La “nostra” lotta. L’aggettivo rappresenta lo spirito di squadra di cui va fiero il personale sanitario, ringraziato dal medico.

«Lavorare in simbiosi è importantissimo», garantisce l’assistente amministrativo Federico Brandoli. «C’è una collaborazione tra i medici anziani come me e colleghi molto giovani - attesta la dottoressa Maria Gabriella Ravazzini - medici specializzandi e di medicina generale, che hanno voglia di lavorare, imparare e mettersi in gioco». Ravazzini aveva deposto il camice cinque anni fa. L’emergenza sanitaria le ha fatto cambiare idea e da pensionata è tornata “combattente”.

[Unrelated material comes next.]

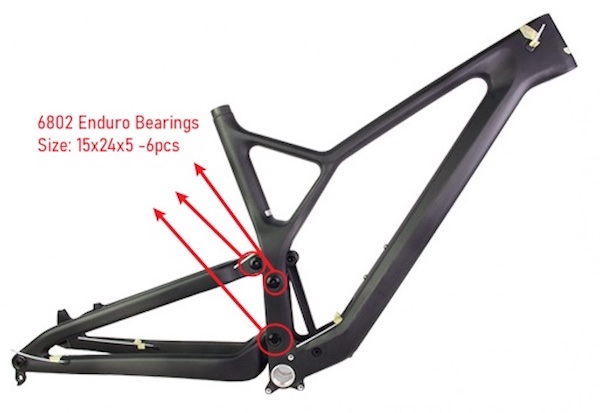 Taille de roulement Cadre de vélo tout suspendu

«Mi ha spinto il fatto di collaborare per partecipare alla lotta nei confronti del virus - garantisce la dottoressa - D’altronde, un medico è medico sempre. È fondamentale che anche i medici si vaccinino e partecipino a questa lotta. Siamo in guerra e questa guerra la vinciamo solo con la vaccinazione. Per questo siamo al lavoro anche il lunedì di Pasqua».

La Croce Rossa si occupa dell’accoglienza. I volontari di associazioni quale la Croce Blu si prendono cura delle persone e degli spazi dopo le vaccinazioni. Le punture spettano al personale sanitario, le risposte ai dubbi rappresentano un gioco di squadra in cui ognuno è pronto a fare la propria parte.

«Poco fa c’è stata una paziente che andava tranquillizzata - riprende Brandoli - Di solito conta più l’attesa e le voci che si sentono in giro piuttosto che il vaccino stesso, che dovrebbe essere la fonte di sicurezza numero uno». Una sicurezza spiegata con un esempio da Spanò. «Un operaio che deve lavorare ha bisogno di un casco per l’antinfortunistica. Il vaccino è come il casco ed è obbligatorio per noi che dobbiamo lavorare e tutelare i nostri pazienti. I medici, gli infermieri e tutti gli operatori è fondamentale che si vaccinino».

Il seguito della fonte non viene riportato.